“Having grown up in India during the 1960s and ‘70s, I witnessed first-hand how the green revolution transformed my country and helped achieve greater food security,” Prakash says. “I chose to go into plant breeding after listening to the lecture by the great Norman Borlaug.”
From there, Prakash migrated to biotechnology — a new tool in plant breeding that is ushering in a similarly impactful “gene revolution.” He saw “great potential in its ability to make agricultural far more productive and sustainable” and was one of the first to use the technology to improve sweet potato and peanut crops.
Now, as dean of the College of Arts and Sciences at Alabama’s Tuskegee University, Prakash is inspiring others to do their part to improve crop yields and end hunger. It’s all the more pressing at a time when agriculture, he says, is challenged by “its ability to cope with the changing demands of global climate change.”
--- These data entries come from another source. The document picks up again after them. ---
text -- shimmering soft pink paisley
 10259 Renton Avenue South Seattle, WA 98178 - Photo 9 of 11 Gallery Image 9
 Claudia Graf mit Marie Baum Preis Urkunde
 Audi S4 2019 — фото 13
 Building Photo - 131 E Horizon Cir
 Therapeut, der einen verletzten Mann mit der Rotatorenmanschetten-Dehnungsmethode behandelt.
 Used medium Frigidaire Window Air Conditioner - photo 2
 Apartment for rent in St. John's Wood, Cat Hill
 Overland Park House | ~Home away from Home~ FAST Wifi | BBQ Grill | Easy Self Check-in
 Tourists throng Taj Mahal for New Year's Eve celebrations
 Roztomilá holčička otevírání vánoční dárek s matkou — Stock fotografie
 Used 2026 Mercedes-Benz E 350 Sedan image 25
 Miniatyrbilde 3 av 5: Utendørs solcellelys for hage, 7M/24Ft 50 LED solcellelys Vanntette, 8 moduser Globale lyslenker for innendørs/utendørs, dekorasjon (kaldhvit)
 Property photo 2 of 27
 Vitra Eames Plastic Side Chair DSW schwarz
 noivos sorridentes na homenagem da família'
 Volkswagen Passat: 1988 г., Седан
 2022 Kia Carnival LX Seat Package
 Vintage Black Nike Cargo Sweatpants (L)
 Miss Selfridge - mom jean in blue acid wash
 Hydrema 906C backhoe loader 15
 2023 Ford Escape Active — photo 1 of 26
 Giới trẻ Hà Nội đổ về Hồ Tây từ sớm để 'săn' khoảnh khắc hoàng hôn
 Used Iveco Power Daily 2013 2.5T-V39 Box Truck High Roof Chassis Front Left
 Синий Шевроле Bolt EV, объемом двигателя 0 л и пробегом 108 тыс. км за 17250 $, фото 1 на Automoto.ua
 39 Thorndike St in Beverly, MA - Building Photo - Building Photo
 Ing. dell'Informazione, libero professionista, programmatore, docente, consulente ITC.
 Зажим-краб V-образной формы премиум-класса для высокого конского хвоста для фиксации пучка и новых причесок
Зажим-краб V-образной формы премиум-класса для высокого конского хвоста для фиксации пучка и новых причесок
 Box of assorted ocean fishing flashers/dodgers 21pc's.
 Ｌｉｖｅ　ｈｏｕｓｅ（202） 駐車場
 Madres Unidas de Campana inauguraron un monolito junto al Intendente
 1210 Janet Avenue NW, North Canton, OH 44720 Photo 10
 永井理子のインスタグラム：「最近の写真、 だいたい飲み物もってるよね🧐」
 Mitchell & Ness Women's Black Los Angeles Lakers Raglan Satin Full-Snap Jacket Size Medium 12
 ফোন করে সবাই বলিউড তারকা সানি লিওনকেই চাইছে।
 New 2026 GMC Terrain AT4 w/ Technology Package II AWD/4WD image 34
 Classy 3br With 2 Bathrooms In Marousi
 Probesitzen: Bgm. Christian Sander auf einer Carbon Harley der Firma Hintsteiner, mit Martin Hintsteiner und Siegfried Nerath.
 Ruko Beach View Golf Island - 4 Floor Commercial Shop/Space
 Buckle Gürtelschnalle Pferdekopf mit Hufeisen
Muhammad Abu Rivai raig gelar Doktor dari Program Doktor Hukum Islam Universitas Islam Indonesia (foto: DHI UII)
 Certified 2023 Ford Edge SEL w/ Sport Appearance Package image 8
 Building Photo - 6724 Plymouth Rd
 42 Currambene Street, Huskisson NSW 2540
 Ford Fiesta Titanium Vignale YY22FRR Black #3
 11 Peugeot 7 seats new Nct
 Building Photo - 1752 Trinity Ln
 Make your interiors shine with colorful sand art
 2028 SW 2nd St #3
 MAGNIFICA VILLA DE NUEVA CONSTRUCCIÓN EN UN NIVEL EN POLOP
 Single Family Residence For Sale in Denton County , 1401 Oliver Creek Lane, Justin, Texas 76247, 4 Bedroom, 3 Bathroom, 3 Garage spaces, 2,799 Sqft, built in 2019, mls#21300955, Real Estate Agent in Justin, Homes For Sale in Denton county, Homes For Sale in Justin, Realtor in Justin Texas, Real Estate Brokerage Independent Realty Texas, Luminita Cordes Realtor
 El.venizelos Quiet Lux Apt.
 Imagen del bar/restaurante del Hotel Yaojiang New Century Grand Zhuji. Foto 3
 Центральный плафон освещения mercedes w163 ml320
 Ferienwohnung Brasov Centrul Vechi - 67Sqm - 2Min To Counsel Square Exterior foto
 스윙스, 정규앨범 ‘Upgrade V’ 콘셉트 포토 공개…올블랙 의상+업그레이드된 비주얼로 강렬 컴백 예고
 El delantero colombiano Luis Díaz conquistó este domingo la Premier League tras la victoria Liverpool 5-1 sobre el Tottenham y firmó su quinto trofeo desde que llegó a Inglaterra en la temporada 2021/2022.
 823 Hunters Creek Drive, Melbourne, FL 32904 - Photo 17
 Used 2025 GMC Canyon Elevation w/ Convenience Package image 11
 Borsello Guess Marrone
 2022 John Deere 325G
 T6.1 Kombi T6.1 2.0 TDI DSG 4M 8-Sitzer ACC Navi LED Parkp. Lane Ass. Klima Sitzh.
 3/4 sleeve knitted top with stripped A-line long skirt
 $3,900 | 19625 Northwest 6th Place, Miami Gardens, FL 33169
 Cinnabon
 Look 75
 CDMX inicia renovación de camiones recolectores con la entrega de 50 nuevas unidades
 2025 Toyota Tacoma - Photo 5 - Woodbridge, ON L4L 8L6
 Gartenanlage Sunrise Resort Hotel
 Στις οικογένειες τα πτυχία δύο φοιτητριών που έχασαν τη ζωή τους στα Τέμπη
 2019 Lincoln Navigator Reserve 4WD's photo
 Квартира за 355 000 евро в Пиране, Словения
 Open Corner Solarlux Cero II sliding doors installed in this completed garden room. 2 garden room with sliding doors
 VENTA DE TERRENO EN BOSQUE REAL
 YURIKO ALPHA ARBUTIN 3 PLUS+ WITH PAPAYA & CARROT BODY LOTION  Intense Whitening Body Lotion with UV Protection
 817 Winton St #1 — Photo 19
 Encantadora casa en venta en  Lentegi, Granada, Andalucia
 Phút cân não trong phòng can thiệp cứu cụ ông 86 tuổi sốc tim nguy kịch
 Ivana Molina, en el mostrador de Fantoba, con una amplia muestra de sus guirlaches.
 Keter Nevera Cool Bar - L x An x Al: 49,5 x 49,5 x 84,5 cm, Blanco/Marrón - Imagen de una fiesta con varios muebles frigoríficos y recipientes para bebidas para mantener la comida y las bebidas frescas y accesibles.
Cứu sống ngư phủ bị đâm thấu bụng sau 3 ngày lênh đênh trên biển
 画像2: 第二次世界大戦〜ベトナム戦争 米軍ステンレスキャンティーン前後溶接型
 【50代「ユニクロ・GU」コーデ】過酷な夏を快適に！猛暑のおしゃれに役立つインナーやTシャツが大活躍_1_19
Prakash is also a frequent contributor to social media, engaging in communication initiatives that aim to dispel myths and misunderstandings around agricultural biotechnology. “It is a very safe method to improve our crops,” he explains.
His global outreach also extends to policymakers, media and public interest groups as he delivers public lectures, participates in interviews, and seizes every opportunity to help those with influence recognize the relevance of biotechnology in feeding the world and improving farmers’ lives.
“As we have already seen from the experience of farmers in India with Bt cotton, access to this technology will increasingly make farmers more prosperous and help them become more productive while decreasing their operating expenses and reliance on the labor,” Prakash says.